Chaos! The New Guy Syndrome

Churn, and your game. And a long, rambling bleaaaaarrrrrgh.

There's a lot of data on how churn works. In a facility, in a company, in a nation. There's not a whole lot about how it works in a game... at least, not carefully printed up. But the data is there.

With a stable group of people, you can get away with incredible efficiencies through rules that have no need for enforcement. You can make tenuous rules that are followed because of the pressure holding the team together.

As you start acquiring churn, the surface tension is broken. The pressure which keeps the team cohesive disintigrates. The higher the churn, the less pressure naturally forms. The less pressure, the less shortcuts you can take. Tenuous rules are annihilated by the waves of new arrivals, whether they be new hires, immigrants, or new players.

Obviously, the situation are complex, and the same effect can be triggered by an "economic quake", shaking the population out of their cohesion and effectively (temporarily) making them into new hires. I can talk about countries, religions, and companies: all suffer from these effects. Tenuous rules that always worked before, but they work worse every day now.

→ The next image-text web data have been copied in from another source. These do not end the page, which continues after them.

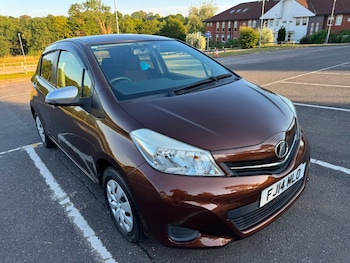 Used Toyota Yaris 2014 for sale - 79208547: Photo
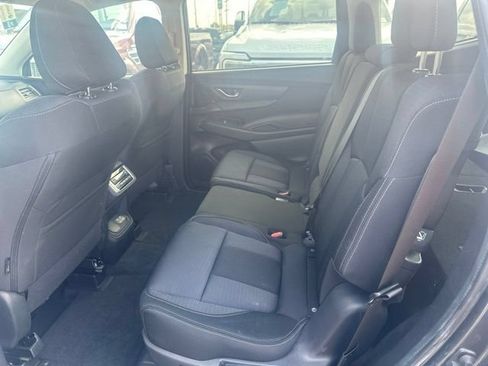Used 2023 Subaru Ascent Premium w/ Convenience Package AWD/4WD image 7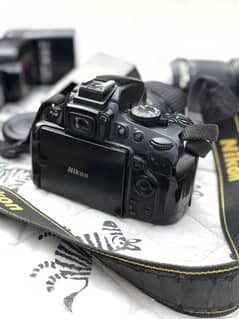 Nikon D5100 with lans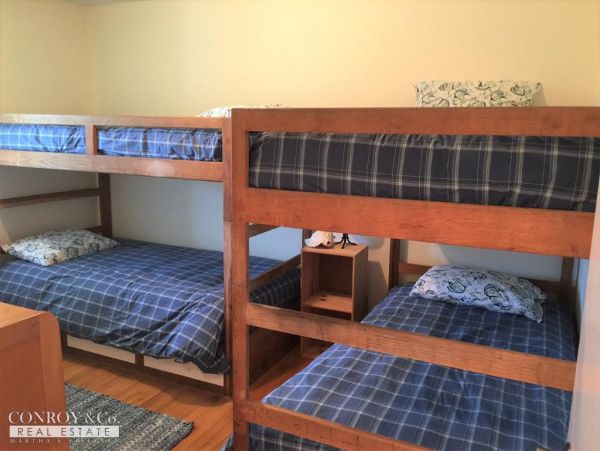 Cape Cod Home 994439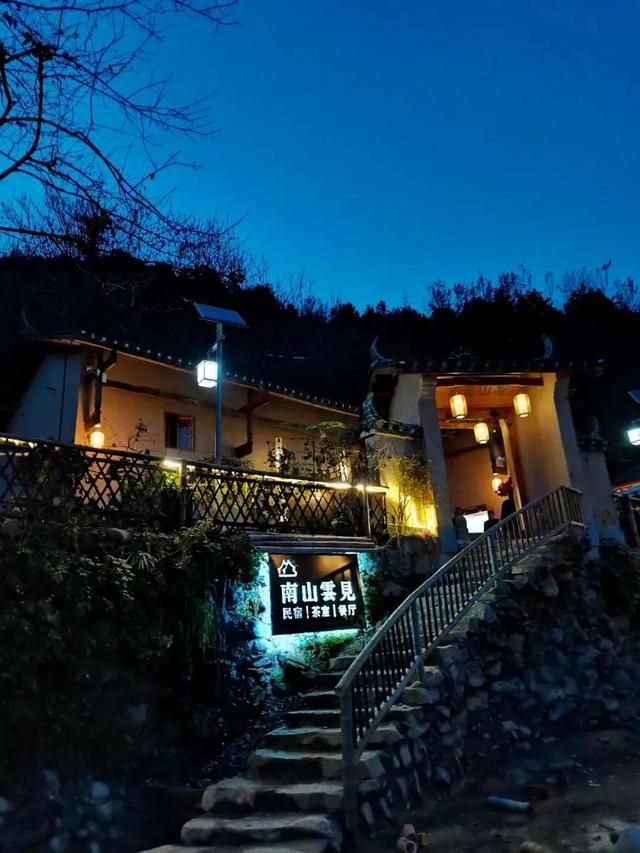 推窗见山，卧听雨声，在安康民宿里寻找最美秋天！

But not all high-churn organizations have this chaotic, uncontrolled environment. Fraternaties and the military, for example. These have some of the highest churn rates possible, but most of the new recruits end up being very loyal to the organization. Sure, they cause trouble both inside and outside the organization - but they are proud to be in the organization.

Cults are even more effective.


The answer is obvious to anyone who's looked into the matter - or been through the matter. When you join a high-churn system that knows what it is doing, it takes over your life and - here's the kicker - bonds you to a team made primarily of other new, confused recruits.

When you join a high-churn system that doesn't know what it's doing, it just lets you waltz in. When you get there, you don't have any particular fondness for the organization, or any particular urge to waltz down the path they have prepared for you.

The high-pressure team-ups of the military don't make people follow tenuous rules. They just make people follow solid rules with vigor. A high-churn system which survives very long learns quickly to enforce all its rules, whether with force or with peer pressure. It drops the unenforceable ones and replaces them with useful variants.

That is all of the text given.